Task prompt: From the data that follows, print exactly the lines starting at the one containing "FORD EXPLORER image 5" and ending at the one containing "Baby shoes spring"; include both of them and nothing more.

Start of Data extracts

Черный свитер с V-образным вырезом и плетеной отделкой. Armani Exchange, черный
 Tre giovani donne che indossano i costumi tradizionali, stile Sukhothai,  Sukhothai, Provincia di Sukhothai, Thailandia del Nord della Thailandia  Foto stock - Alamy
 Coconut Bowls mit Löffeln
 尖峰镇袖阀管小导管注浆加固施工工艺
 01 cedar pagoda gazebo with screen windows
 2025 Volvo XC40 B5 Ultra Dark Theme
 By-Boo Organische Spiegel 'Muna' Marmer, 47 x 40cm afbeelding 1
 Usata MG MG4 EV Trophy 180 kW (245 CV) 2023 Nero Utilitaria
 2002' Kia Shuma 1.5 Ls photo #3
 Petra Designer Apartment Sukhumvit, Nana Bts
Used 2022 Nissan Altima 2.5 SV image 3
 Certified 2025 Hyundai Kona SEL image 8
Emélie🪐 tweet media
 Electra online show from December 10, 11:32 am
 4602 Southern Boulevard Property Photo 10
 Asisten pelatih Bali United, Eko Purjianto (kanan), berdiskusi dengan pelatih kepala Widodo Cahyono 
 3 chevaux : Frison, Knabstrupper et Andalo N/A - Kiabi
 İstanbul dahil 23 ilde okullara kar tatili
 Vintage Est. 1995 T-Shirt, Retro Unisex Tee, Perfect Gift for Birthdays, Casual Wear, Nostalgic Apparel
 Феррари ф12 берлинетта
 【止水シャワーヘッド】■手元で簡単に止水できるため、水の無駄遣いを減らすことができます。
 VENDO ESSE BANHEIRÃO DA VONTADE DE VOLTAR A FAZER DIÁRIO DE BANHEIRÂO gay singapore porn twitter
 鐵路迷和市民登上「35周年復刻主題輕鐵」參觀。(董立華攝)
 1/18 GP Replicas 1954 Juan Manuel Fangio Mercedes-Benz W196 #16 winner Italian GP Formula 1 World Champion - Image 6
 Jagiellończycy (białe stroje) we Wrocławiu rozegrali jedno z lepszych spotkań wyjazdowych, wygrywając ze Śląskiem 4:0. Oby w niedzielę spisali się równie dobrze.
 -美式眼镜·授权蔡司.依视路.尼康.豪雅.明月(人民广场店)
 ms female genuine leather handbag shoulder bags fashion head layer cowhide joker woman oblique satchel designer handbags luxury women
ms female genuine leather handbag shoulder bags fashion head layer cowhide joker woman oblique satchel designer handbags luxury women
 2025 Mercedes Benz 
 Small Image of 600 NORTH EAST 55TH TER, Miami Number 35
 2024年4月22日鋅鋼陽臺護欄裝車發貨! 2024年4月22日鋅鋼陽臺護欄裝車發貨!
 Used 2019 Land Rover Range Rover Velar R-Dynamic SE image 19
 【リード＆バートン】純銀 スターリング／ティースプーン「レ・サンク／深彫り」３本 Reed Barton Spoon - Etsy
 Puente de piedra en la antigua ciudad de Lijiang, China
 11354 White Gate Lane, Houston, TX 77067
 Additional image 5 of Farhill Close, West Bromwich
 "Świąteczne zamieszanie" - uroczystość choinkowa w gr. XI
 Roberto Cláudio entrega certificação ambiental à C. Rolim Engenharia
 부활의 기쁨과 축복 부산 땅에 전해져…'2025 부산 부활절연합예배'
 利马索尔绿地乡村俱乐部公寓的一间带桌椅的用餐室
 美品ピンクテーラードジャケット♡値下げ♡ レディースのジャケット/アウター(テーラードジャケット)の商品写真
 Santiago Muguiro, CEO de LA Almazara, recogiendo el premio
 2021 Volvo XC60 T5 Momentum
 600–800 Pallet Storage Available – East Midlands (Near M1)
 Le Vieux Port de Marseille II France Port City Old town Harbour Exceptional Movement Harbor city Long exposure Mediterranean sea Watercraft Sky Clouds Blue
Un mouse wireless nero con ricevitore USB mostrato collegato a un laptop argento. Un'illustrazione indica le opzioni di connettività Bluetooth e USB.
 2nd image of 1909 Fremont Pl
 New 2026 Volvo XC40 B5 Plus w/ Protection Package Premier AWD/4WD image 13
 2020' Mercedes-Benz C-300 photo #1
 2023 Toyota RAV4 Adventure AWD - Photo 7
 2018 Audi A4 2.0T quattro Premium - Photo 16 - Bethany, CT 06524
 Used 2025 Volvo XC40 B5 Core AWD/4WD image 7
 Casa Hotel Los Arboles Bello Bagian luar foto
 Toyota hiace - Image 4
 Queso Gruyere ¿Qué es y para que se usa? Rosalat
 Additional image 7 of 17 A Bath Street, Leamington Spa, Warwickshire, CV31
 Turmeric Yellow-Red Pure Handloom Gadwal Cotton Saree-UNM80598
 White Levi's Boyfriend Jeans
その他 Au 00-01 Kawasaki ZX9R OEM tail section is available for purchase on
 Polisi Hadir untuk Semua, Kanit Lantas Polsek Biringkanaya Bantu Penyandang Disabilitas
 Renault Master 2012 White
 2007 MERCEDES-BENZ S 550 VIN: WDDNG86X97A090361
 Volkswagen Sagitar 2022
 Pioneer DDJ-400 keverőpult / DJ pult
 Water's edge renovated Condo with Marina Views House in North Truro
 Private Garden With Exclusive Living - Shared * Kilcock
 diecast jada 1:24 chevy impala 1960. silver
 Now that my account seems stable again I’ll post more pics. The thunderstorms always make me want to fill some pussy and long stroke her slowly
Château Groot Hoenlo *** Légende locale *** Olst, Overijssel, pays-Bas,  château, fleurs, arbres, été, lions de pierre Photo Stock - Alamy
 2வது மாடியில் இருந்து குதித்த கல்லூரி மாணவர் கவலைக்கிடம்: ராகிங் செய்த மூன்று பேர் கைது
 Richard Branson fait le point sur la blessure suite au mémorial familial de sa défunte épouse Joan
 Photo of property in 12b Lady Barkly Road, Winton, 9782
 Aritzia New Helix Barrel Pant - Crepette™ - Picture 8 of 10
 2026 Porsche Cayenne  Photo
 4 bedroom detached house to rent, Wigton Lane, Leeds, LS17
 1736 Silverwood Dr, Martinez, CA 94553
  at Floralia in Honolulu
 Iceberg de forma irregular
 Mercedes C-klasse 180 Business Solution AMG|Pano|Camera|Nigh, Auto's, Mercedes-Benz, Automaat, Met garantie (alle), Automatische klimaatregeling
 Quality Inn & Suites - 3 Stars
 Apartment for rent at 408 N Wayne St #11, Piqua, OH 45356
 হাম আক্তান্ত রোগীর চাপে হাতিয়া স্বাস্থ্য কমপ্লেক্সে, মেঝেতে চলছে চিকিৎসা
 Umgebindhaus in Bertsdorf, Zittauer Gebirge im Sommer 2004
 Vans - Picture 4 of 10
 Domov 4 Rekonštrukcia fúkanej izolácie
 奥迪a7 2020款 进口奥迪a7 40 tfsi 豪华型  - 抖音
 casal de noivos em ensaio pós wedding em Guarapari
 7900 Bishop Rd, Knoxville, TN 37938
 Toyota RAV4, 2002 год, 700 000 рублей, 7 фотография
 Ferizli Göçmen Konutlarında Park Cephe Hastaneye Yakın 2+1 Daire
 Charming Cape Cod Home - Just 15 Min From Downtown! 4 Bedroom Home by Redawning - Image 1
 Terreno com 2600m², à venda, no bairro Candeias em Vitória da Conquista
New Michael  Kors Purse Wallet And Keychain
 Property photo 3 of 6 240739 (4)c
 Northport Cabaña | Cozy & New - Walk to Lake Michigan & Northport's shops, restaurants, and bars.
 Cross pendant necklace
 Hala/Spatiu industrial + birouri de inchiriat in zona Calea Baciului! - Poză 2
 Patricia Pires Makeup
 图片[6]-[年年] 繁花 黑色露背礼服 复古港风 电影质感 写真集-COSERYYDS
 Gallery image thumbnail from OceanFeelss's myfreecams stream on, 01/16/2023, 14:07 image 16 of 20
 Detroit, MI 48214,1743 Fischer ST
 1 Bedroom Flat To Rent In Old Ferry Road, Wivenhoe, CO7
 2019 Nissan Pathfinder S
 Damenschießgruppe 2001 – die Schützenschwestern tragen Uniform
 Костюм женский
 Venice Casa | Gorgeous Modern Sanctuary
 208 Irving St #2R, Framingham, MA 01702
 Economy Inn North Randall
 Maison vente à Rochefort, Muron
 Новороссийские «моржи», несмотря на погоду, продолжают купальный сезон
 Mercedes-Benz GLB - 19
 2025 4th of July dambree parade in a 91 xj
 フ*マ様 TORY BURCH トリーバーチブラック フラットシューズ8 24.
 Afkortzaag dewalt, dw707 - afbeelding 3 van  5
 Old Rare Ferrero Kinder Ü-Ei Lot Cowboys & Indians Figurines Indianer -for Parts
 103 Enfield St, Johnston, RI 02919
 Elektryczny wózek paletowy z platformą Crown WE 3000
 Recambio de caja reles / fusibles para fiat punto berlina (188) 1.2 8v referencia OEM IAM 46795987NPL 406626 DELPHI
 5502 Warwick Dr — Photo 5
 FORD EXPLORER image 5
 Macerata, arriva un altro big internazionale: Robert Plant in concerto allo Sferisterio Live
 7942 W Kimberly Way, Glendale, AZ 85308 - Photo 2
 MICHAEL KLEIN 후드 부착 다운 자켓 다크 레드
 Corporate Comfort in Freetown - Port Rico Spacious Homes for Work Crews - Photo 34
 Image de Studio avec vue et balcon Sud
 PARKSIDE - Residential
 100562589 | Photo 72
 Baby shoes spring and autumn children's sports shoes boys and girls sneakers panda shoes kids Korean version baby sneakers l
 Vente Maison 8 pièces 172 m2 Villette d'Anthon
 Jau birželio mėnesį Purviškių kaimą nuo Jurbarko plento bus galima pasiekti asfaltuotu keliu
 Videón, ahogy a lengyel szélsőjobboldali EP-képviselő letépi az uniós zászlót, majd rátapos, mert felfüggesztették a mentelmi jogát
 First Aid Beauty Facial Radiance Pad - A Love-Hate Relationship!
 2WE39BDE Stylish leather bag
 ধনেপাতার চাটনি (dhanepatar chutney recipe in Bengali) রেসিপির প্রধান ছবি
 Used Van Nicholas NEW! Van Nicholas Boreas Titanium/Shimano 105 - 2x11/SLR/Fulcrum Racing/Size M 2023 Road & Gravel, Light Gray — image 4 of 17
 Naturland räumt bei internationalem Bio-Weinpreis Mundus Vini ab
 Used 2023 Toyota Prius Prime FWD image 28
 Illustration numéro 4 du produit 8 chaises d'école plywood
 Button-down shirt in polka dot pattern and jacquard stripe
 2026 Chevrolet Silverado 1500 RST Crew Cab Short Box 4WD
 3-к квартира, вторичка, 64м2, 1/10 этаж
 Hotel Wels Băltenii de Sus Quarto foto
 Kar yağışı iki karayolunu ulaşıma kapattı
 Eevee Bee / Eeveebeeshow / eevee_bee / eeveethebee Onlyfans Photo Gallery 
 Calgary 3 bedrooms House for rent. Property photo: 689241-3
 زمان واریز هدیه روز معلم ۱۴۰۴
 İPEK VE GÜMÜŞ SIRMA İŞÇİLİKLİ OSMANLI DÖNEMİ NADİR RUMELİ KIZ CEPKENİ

End of Data extracts

Result:
 FORD EXPLORER image 5
 Macerata, arriva un altro big internazionale: Robert Plant in concerto allo Sferisterio Live
 7942 W Kimberly Way, Glendale, AZ 85308 - Photo 2
 MICHAEL KLEIN 후드 부착 다운 자켓 다크 레드
 Corporate Comfort in Freetown - Port Rico Spacious Homes for Work Crews - Photo 34
 Image de Studio avec vue et balcon Sud
 PARKSIDE - Residential
 100562589 | Photo 72
 Baby shoes spring and autumn children's sports shoes boys and girls sneakers panda shoes kids Korean version baby sneakers l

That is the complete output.